» Work to be completed
Output exactly, with nothing added, the entries from the first line through the line with "Four modular fact".

(The data)

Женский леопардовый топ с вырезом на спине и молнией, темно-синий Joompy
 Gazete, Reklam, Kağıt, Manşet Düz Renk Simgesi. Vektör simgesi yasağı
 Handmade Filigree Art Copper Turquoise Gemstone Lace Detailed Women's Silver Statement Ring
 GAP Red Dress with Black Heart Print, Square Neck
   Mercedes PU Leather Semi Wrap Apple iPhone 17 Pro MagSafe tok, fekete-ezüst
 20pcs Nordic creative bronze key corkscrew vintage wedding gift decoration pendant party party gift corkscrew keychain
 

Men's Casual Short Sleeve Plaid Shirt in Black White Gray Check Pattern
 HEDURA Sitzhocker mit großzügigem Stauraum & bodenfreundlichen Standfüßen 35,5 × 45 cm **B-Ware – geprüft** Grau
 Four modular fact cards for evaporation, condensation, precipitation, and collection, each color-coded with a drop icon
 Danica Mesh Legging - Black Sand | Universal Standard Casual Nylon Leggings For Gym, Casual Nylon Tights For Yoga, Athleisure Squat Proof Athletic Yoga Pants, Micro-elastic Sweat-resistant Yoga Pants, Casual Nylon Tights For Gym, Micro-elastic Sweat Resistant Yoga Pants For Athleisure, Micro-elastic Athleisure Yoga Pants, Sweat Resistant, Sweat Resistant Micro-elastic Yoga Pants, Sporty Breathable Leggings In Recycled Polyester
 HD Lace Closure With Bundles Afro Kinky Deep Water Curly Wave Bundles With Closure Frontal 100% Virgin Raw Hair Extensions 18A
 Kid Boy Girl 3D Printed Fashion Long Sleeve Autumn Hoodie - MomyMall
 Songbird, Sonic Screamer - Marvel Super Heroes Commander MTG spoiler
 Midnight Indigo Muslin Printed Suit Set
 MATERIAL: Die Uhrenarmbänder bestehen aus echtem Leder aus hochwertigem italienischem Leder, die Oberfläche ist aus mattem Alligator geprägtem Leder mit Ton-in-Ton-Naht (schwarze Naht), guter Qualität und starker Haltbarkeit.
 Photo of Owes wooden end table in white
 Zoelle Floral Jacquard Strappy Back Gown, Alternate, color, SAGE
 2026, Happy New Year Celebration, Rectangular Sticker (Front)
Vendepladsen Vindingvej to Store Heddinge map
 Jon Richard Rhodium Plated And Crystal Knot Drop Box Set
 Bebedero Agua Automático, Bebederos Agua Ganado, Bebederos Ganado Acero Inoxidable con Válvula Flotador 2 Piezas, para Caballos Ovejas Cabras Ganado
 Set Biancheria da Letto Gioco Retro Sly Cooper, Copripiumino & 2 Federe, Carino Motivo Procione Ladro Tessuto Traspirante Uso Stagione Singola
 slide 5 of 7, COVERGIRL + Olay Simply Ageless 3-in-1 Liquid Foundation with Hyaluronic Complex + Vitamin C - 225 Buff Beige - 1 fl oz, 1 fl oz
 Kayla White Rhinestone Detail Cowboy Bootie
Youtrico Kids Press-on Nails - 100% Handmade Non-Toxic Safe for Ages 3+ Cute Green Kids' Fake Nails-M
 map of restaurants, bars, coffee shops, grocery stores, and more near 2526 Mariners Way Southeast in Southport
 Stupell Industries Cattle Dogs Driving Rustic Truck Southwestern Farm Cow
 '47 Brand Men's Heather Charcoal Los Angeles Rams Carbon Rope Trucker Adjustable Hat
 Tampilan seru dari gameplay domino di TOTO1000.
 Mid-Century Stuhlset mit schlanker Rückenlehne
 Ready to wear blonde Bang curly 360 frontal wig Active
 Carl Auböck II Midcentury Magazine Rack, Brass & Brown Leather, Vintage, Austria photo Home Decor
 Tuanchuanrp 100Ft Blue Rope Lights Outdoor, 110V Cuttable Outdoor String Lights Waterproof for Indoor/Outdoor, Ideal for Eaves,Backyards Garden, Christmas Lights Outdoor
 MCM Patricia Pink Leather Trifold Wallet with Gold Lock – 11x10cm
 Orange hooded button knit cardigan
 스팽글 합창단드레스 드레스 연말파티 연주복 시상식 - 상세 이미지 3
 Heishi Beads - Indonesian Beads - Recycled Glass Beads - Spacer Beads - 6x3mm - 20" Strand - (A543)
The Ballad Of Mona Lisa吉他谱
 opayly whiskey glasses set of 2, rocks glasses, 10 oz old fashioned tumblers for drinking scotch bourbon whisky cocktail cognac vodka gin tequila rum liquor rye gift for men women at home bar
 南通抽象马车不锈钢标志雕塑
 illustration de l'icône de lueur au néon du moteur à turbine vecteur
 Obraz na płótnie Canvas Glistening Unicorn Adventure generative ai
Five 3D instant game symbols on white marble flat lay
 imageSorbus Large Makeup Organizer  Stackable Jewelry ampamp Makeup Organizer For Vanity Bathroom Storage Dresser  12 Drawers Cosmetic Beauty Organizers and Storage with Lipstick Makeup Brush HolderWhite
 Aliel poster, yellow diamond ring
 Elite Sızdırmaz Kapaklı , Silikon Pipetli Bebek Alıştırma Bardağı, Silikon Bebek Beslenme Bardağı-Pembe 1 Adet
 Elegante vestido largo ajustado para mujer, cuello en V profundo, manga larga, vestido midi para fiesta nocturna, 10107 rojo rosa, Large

(End The data)

» Answer box
Женский леопардовый топ с вырезом на спине и молнией, темно-синий Joompy
 Gazete, Reklam, Kağıt, Manşet Düz Renk Simgesi. Vektör simgesi yasağı
 Handmade Filigree Art Copper Turquoise Gemstone Lace Detailed Women's Silver Statement Ring
 GAP Red Dress with Black Heart Print, Square Neck
   Mercedes PU Leather Semi Wrap Apple iPhone 17 Pro MagSafe tok, fekete-ezüst
 20pcs Nordic creative bronze key corkscrew vintage wedding gift decoration pendant party party gift corkscrew keychain
 

Men's Casual Short Sleeve Plaid Shirt in Black White Gray Check Pattern
 HEDURA Sitzhocker mit großzügigem Stauraum & bodenfreundlichen Standfüßen 35,5 × 45 cm **B-Ware – geprüft** Grau
 Four modular fact cards for evaporation, condensation, precipitation, and collection, each color-coded with a drop icon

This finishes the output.